[gnu.emacs] Matching multiple lines with regex

jkh@pcsbst.UUCP (jkh) (03/12/89)

[ something *is* actually eating this line these days.. ]


I'm using the regex code out of 18.52 and would like to construct a
regular expression that will match *all* of the characters in a string
of text containing newlines. I tried ".*" (the most obvious), but it
just matches up to the first newline. I haven't got newlines being treated
specially in any way (I.E. as "or"s) so I can't figure out why this is
happening.

Any suggestions?

					Jordan Hubbard
					PCS Computer Systems
					pyramid!pcsbst!jkh

pinkas@hobbit.intel.com (Israel Pinkas ~) (03/16/89)

In article <768@pcsbst.UUCP> jkh@pcsbst.UUCP (jkh) writes:

> I'm using the regex code out of 18.52 and would like to construct a
> regular expression that will match *all* of the characters in a string
> of text containing newlines. I tried ".*" (the most obvious), but it
> just matches up to the first newline. I haven't got newlines being treated
> specially in any way (I.E. as "or"s) so I can't figure out why this is
> happening.

The regular expression for . is defined to match any single character
except a newline.  See the GNU Emacs manual, section 13.5, "Syntax of
Regular Expressions."

Also see the man page for grep, vi, sed, or any other Unix program that
uses regular expressions.

-Israel Pinkas

--------------------------------------
Disclaimer: The above are my personal opinions, and in no way represent
the opinions of Intel Corporation.  In no way should the above be taken
to be a statement of Intel.

UUCP:	{amdcad,decwrl,hplabs,oliveb,pur-ee,qantel}!intelca!mipos3!cadev4!pinkas
ARPA:	pinkas%cadev4.intel.com@relay.cs.net
CSNET:	pinkas@cadev4.intel.com
--
--------------------------------------
Disclaimer: The above are my personal opinions, and in no way represent
the opinions of Intel Corporation.  In no way should the above be taken
to be a statement of Intel.

UUCP:	{amdcad,decwrl,hplabs,oliveb,pur-ee,qantel}!intelca!mipos3!cadev4!pinkas
ARPA:	pinkas%cadev4.intel.com@relay.cs.net
CSNET:	pinkas@cadev4.intel.com

gaynor@athos.rutgers.edu (Silver) (03/16/89)
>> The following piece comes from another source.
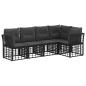 Preview: Outdoor-Sofagarnitur Schwarz Polyester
"[^]" fails with an error (it would be nice if this were fixed even if just
this purpose, and "[]" for completeness), but "[\0-\255]" did the trick.  The
same could have been performed at extra cost with "\(\n\|.\)".

Regards, [Ag] gaynor@rutgers.edu

piet@ruuinf (Piet van Oostrum) (03/16/89)

In article <768@pcsbst.UUCP>, jkh@pcsbst (jkh) writes:
 `
 `I'm using the regex code out of 18.52 and would like to construct a
 `regular expression that will match *all* of the characters in a string
 `of text containing newlines. I tried ".*" (the most obvious), but it
 `just matches up to the first newline.

The definition of '.' in r.e's is any character except newline:

`. (Period)'     
     is a special character that matches any single character except a
     newline.  Using concatenation, we can make regular expressions like
     `a.b' which matches any three-character string which begins with `a'
     and ends with `b'.

So use (in Lisp syntax):

	"\\(.\\|\n\\)*"
-- 
Piet van Oostrum, Dept of Computer Science, University of Utrecht
Padualaan 14, P.O. Box 80.089, 3508 TB Utrecht, The Netherlands
Telephone: +31-30-531806. piet@cs.ruu.nl (mcvax!hp4nl!ruuinf!piet)

worley@EDDIE.MIT.EDU (Dale Worley) (03/16/89)

   I'm using the regex code out of 18.52 and would like to construct a
   regular expression that will match *all* of the characters in a string
   of text containing newlines. I tried ".*" (the most obvious), but it
   just matches up to the first newline. I haven't got newlines being treated
   specially in any way (I.E. as "or"s) so I can't figure out why this is
   happening.

The reason it is happening is because '.' is defined to not match
newlines.  (See Info node "Regexps", or search for 'anychar' (the
internal code for the '.'  regexp) in regex.c and examine the code in
those areas.)  If you want to match newline also, you will have to say
'\(.\|^J\)', or in C, "\\(.\\|\n\\)".

Dale

merlyn@intelob.intel.com (Randal L. Schwartz @ Stonehenge) (03/17/89)

In article <Mar.15.20.52.02.1989.11741@athos.rutgers.edu>, gaynor@athos (Silver) writes:
| "[^]" fails with an error (it would be nice if this were fixed even if just
| this purpose, and "[]" for completeness), but "[\0-\255]" did the trick.  The
| same could have been performed at extra cost with "\(\n\|.\)".

Ahh, but "[^]]" is a valid reg-ex, and matches any single character
*but* the right bracket.  Similarly, "[]]" matches *just* the right
bracket.  So, there is *nothing* to fix.  True, there is no trivial
way to say "everything" and "nothing", but so what.

Now, how to match just a "["? :-)
-- 
Randal L. Schwartz, Stonehenge Consulting Services (503)777-0095
on contract to BiiN (for now :-), Hillsboro, Oregon, USA.
ARPA: <@intel-iwarp.arpa:merlyn@intelob> (fastest!)
MX-Internet: <merlyn@intelob.intel.com> UUCP: ...[!uunet]!tektronix!biin!merlyn
Standard disclaimer: I *am* my employer!
Cute quote: "Welcome to Oregon... home of the California Raisins!"